Contreras riles up ChiSox, no regrets for bat flip


CHICAGO — Tempers flared here Friday night after catcher Willson Contreras was plunked by White Sox hurler Jimmy Cordero in the seventh inning of the Cubs’ 10-0 victory.

The hit by pitch came several innings after Contreras threw his bat high into the air to celebrate a three-run homer as he began to circle the bases.

“I knew it was coming,” Contreras said afterward. “I have no regrets, zero regrets. Once they hit me, I don’t think that’s the smartest thing to do. He got thrown out. And who knows if he’s going to get suspended?”

The Cubs immediately began yelling from their dugout after Contreras was hit, prompting the umpires to gather before deciding to eject Cordero. Soon after, both White Sox manager Rick Renteria and pitching coach Don Cooper were kicked out.

Renteria disagreed with the ejections.

“The ball got away from him,” Renteria said of Cordero’s pitch. “We couldn’t convince him (the umpire) of that … There was no warning. They just gathered and ejected him.”

Though Cubs manager David Ross admitted it might not have been his style to bat flip after a home run, he backed his catcher, who led a five-home-run barrage for the Cubs. The team has struggled offensively all month, so Ross viewed what happened as cathartic.

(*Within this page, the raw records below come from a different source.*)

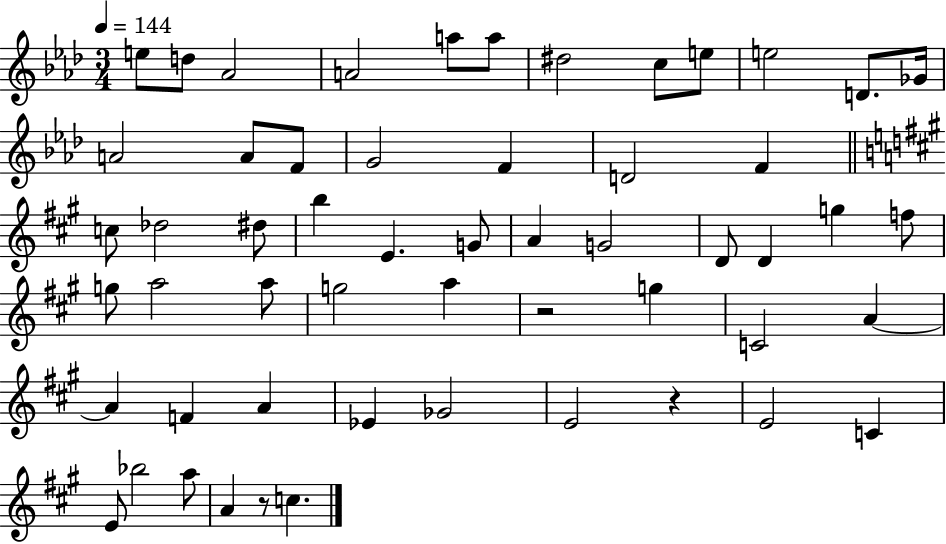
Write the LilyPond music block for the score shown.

{
  \clef treble
  \numericTimeSignature
  \time 3/4
  \key aes \major
  \tempo 4 = 144
  e''8 d''8 aes'2 | a'2 a''8 a''8 | dis''2 c''8 e''8 | e''2 d'8. ges'16 | \break a'2 a'8 f'8 | g'2 f'4 | d'2 f'4 | \bar "||" \break \key a \major c''8 des''2 dis''8 | b''4 e'4. g'8 | a'4 g'2 | d'8 d'4 g''4 f''8 | \break g''8 a''2 a''8 | g''2 a''4 | r2 g''4 | c'2 a'4~~ | \break a'4 f'4 a'4 | ees'4 ges'2 | e'2 r4 | e'2 c'4 | \break e'8 bes''2 a''8 | a'4 r8 c''4. | \bar "|."
}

“It wasn’t to disrespect the other group,” he said. “It was because we’ve been struggling offensively and he brought some swagger. He brought some edge. I loved every second of it.

“I don’t think he deserved to get hit, at all.”

Ross recalled a time when White Sox shortstop Tim Anderson bat-flipped himself into some controversy in 2019. Anderson has been outspoken about letting players show their emotions.

“All the hype is on the guy on the other side when he bat-flipped, right?” Ross said. “I thought Tim Anderson’s bat flip last year where he flipped it and looked in his dugout, that’s what you want. That’s what Willson did.”

Contreras is known as an emotional, and at times hot-headed, player, but he said he felt like he was right in line with the way the game is in 2020 — bat flips are in and retaliation is out.

“I’m not going to change anything,” Contreras said. “I play hard for my team. I always want to do the best for my team. But if they don’t like me, that’s fine. I don’t play for other teams to like me, anyways. And if I have to do it again, I will do it again.”

He added one caveat.

“I didn’t mean to throw it that high,” he said with a smile.